In about one third of patients with liver metastases, carcinoid syndrome, which occurs rarely with only nodal metastases, develops. Carcinoid syndrome is characterized primarily by episodes of flushing and diarrhea. The flush may produce a cyanotic appearance, and if attacks are prolonged, facial edema and telangiectasis may develop. The mediator of the carcinoid flush is unknown. Kallikrein, bradykinin, other kinin peptides, substance P, prostaglandins, serotonin, and histamine have been implicated. The flush has been precipitated by ingestion of a meal and by administration of ethanol, calcium, epinephrine, isoproterenol, and pentagastrin. The diarrhea and cramps in this syndrome appear to be related to the production of serotonin (5-hydroxytryptamine).

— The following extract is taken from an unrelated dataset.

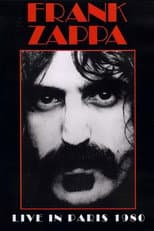 Poster for Frank Zappa - Live in Paris 1980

Bronchial spasm is often part of carcinoid syndrome, and wheezing may become a prominent feature. Right-sided heart lesions, particularly pulmonary and tricuspid valvular fibrosis, may develop with associated murmurs of pulmonary stenosis and tricuspid insufficiency. Right-sided congestive heart failure may produce further hepatomegaly, ascites, pulmonary congestion, and edema.

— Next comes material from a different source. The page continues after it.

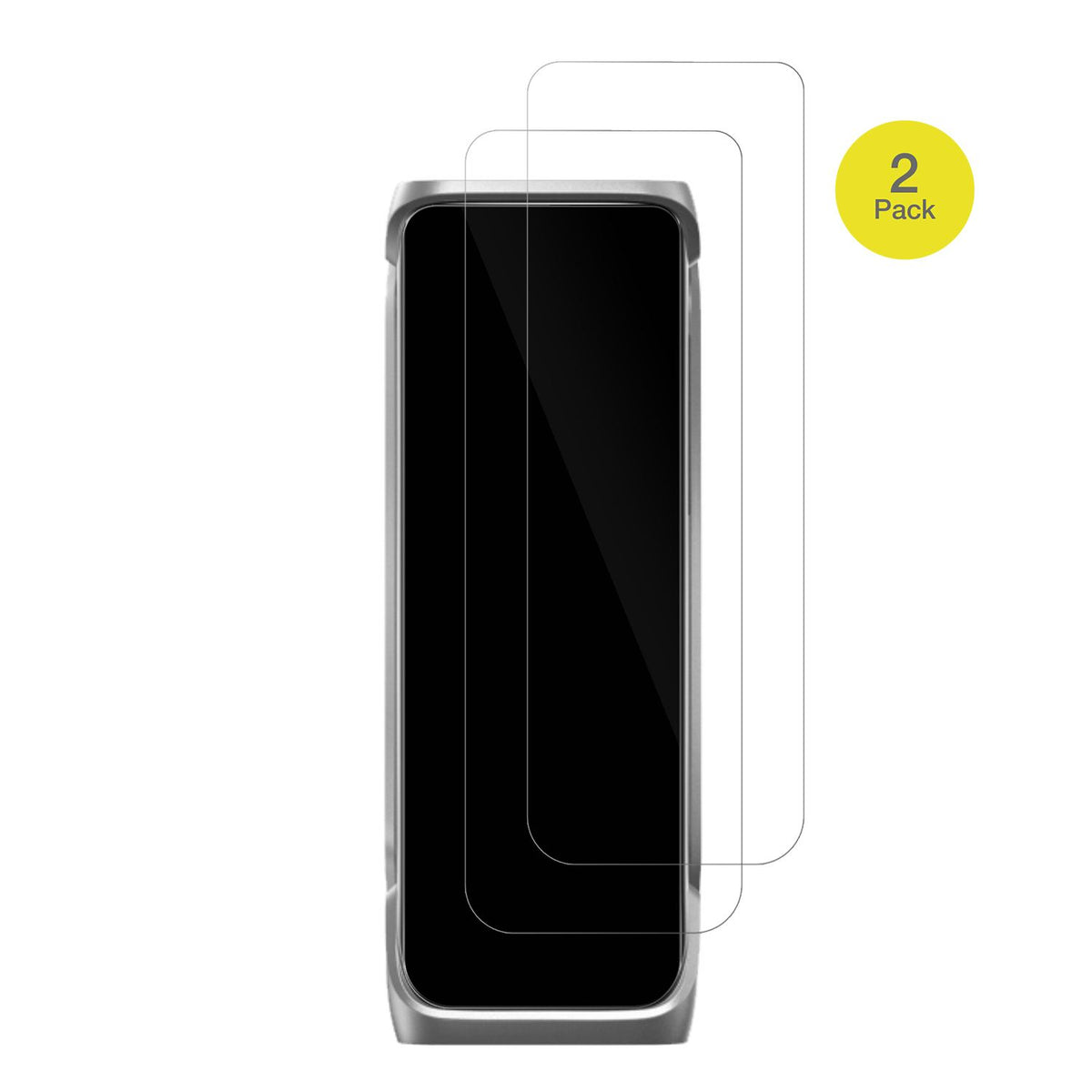2x 3D Full Cover Schutzfolie für EcoFlow Rapid Pro X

Diarrhea in carcinoid syndrome is usually watery, episodic, and associated with abdominal cramping and loud borborygmi. Gastric carcinoids that tend to produce more 5-hydroxytryptophan than serotonin and that also may produce histamine usually are not associated with diarrhea.

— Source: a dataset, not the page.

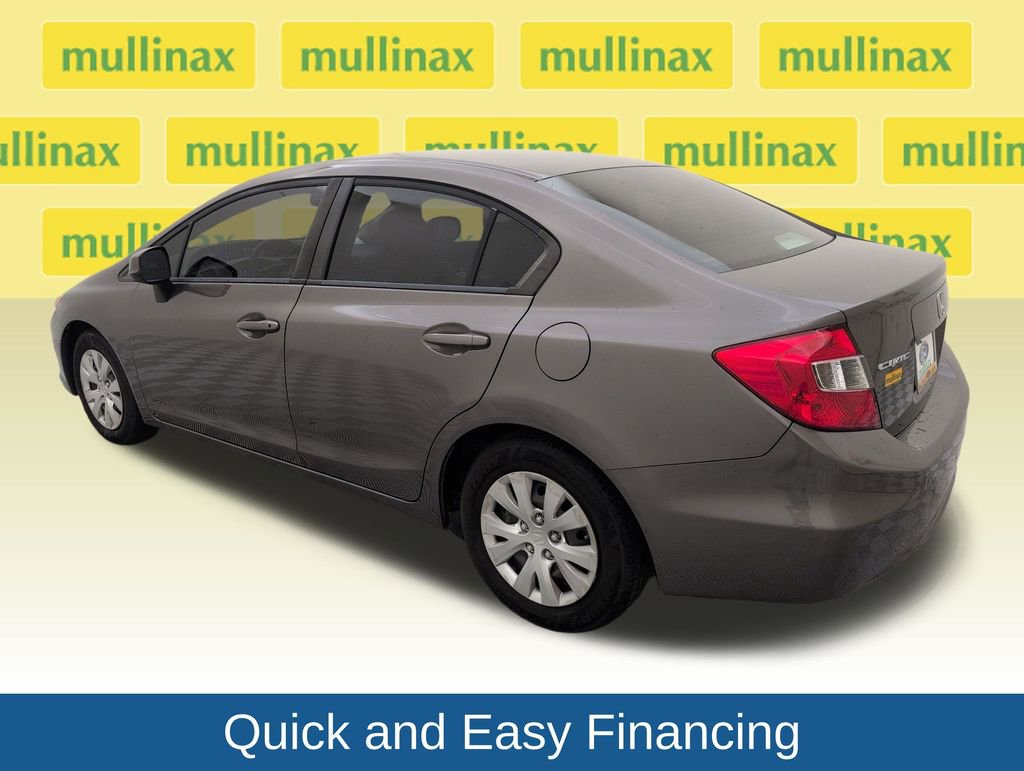 Used 2012 Honda Civic LX image 7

Most patients with carcinoid syndrome have liver metastases, which are usually evident on physical examination and liver scans. Carcinoid tumors with nodal metastases that produce the syndrome may cause a palpable abdominal mass. Ovarian carcinoid tumors are usually detected by abdominal or pelvic examination, and bronchial carcinoid tumors by chest radiography.
Carcinoid tumors of the small bowel should be surgically resected. If metastatic disease is present, the approach remains the same as in other bowel malignancies. In patients with the carcinoid syndrome all treatment must be carefully monitored and controlled to prevent precipitating a carcinoid crisis. Chemotherapy has had some benefit in unresectable disease, but treatment efforts, in general, should be tempered by the usually indolent growth of these tumors. A variety of antiserotonin agents, antihistamines, antiadrenergics, antiprostaglandins, and steroids have been helpful in the carcinoid syndrome, but benefits must be weighed against side effects. Intravenous somatostatin has been used to ameliorate acute symptoms, and subcutaneous somatostatin analogs have become important agents for successful long-term control.